Pounds’ Ditmas Park and subsequent Ditmas Park West were both bonafide triumphs — a paper proclaimed “Ditmas Park today is the very heart of the aristocratic Flatbush section…only the financial elect can afford to live there.”

Pounds would enjoy heaps of praise from real estate men who had originally snubbed him when he started his venture and the New York Times would call him “One of the best-known realty men in Brooklyn.” Ambitious and buoyed by his new civic standing, Pounds would turn to politics and serve as the Borough President of Brooklyn from 1913–1917. In 1924, he was elected as State Treasurer and, in 1932, he decided to take on the all-but-hopeless task of accepting the Republican nomination for mayor to run against the corrupt Tammany machine’s John P. O’Brien.

Lewis Pounds during mayoral run, 1932. (Image courtesy: Brooklyn Eagle Archives)
Lewis Pounds during mayoral run, 1932. (Image courtesy: Brooklyn Eagle Archives)

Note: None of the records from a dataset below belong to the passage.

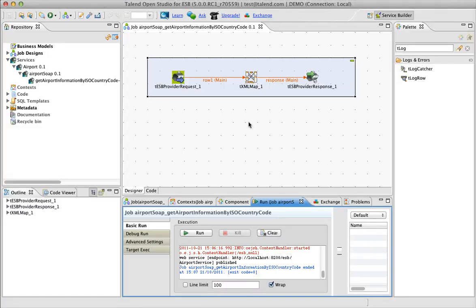Hi, here is Renaud and welcome to the new Noteworthy screencast for Talend ISB Studio 5.0. I'm demonstrating a 5.0 release candidate one and we are going to continue to improve our service which we created in the screencast before. So it's Noteworthy screencast number one. We are going now to implement a bit of logic in our service.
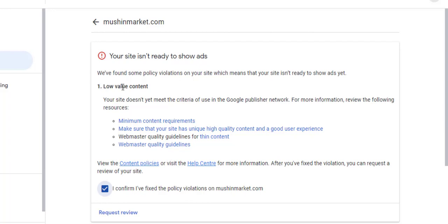From this, the reason for rejection is made known. AdSense has already shown us what we need to work on to get AdSense approval or to resolve low value content. There are three causes of low value content.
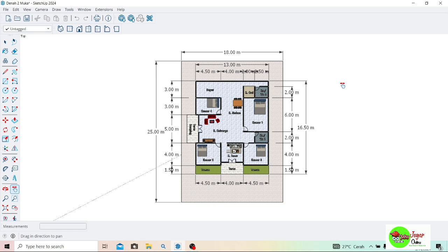Assalamualaikum warahmatullahi wabarakatuh, selamat datang di Jagger Online Channel. Dalam video kali ini saya akan bagikan cara membuat denah rumah tampilan dua muka, two face, dari SketchUp ke Layout. Sebenarnya video ini adalah lanjutan dari video saya yang sebelumnya, di mana saya sudah membuat denah rumah tampilan dua muka. Silakan simak video sebelumnya, linknya sudah saya sertakan di deskripsi. Nah, ini nanti saya akan offer ke layout supaya tampilan denahnya lebih menarik.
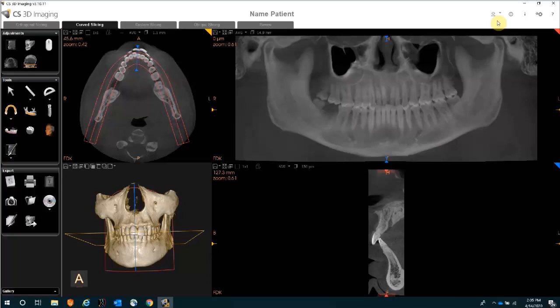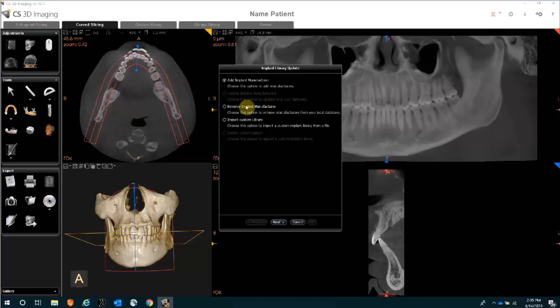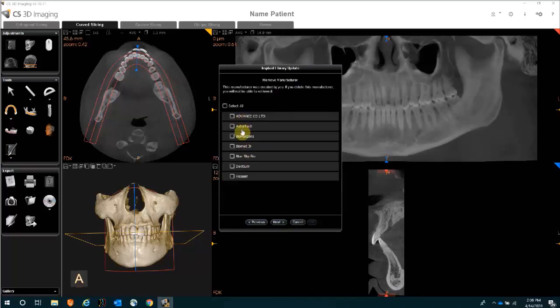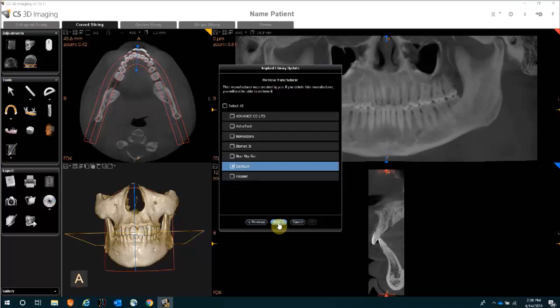If you are looking to remove an implant manufacturer from your list, go back to the same icon — your implant library management tool — and click on it. Select the option to remove, then click Next. Pick from your existing imported library, select which one you would like to discard, click Next, and you will no longer see that implant library.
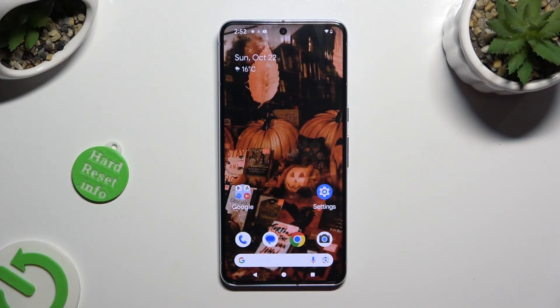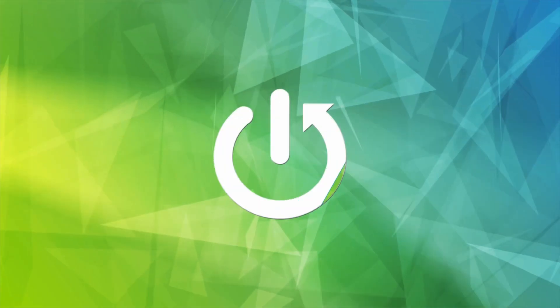Hi, in front of me is Google Pixel 8 Pro and today I would like to show you how you can check all specifications of this Google.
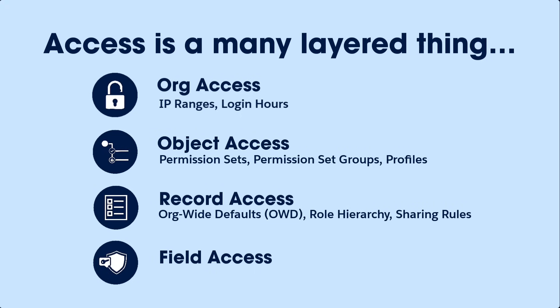And finally, there's field-level security. You might have individual fields that contain confidential information. Only certain people should see these fields. For example, a field that displays commissions should be hidden from sales operations.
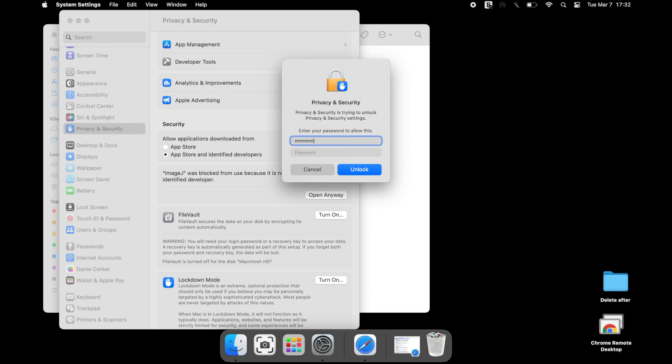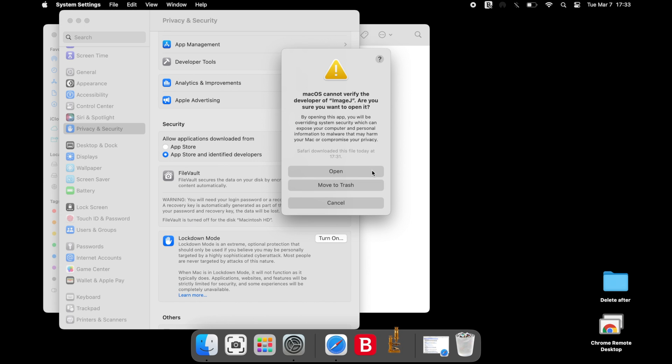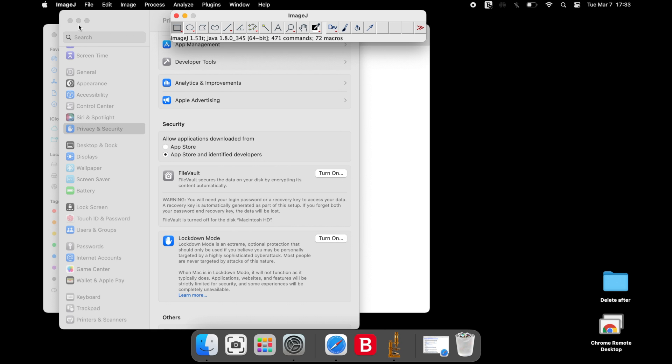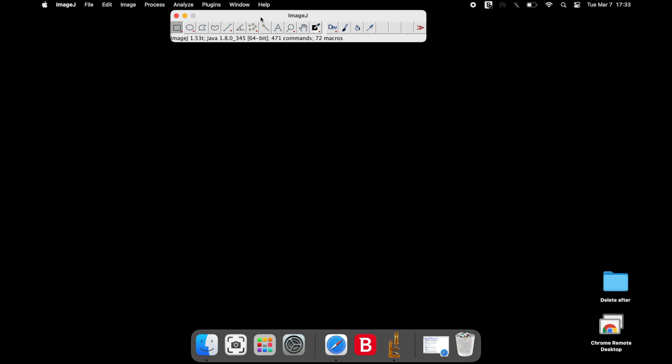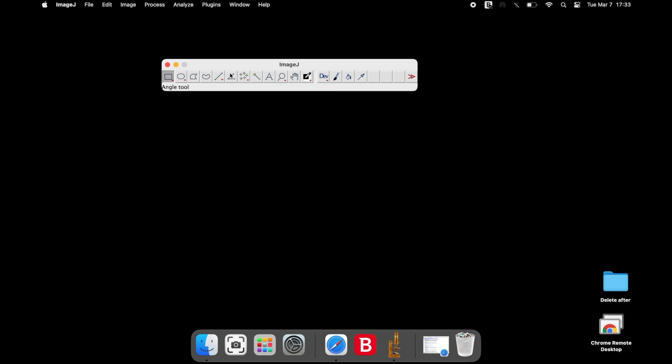Depending on the operating system settings, the next pop-up may ask for your operating system user name and password to unlock the privacy and security settings. A final warning message may pop up again. Select open and the ImageJ software will launch. This software is now ready to use.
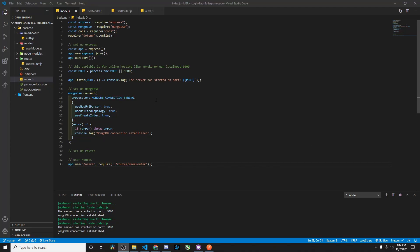Hello there. I wanted to go ahead and show you the login registration for the backend using Node, Mongoose, and Express. I'm also using CORS, JSON web token, and bcrypt as well.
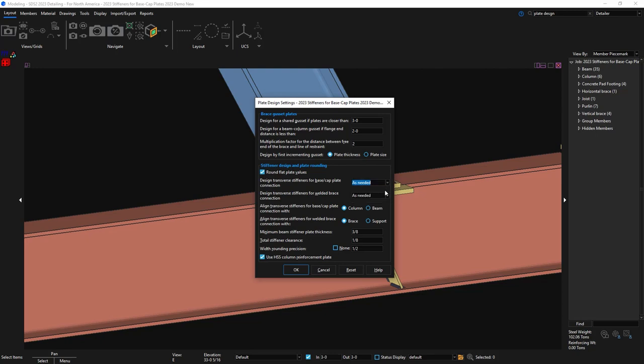The second option is to align transverse stiffeners for base and cap plate connections with the beam or the column. In this case, since it's aligned with the beam and it's sloping, the stiffener would be diagonal.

Pounds was unceremoniously trounced in what would be New York’s final Tammany Hall-influenced mayoral election. He would remain active in the community and politics until he died — in his 17th Street Flatbush home, in 1947.

Back at the Cortelyou Club in 1906, Lewis H. Pounds likely allowed himself only a moment to reflect on his journey so far — from the shores of Lake Erie to the plains of Kansas to the borough of Brooklyn — before getting on with the hearty festivities that were to follow (wine jellies, fancy cakes, and cigars were all on the menu that evening). After all, he was a busy man who would not rest on his accomplishments that night; he would keep working the rest of his life to improve his city and the lives of his fellow New Yorkers. One could expect nothing less from the man who built Ditmas Park.

Sources:

Elyria Chronicle-Telegram, Dec 29 1947 – Lews H. Pounds Native Of Elyria Dies In Brooklyn
Ditmas Park Historic Designation Report, 1981, City of New York
The Topeka Daily Capital, Dec 14 1909 – Pounds Gets Good Place In New York
The Topeka Daily Capital, Jan 9 1910 – Lew Pounds Is Now A Leader In N.Y. Politics
Tenth Annual Dinner of the Cortelyou Club, images from New York Public Library Digital Collections.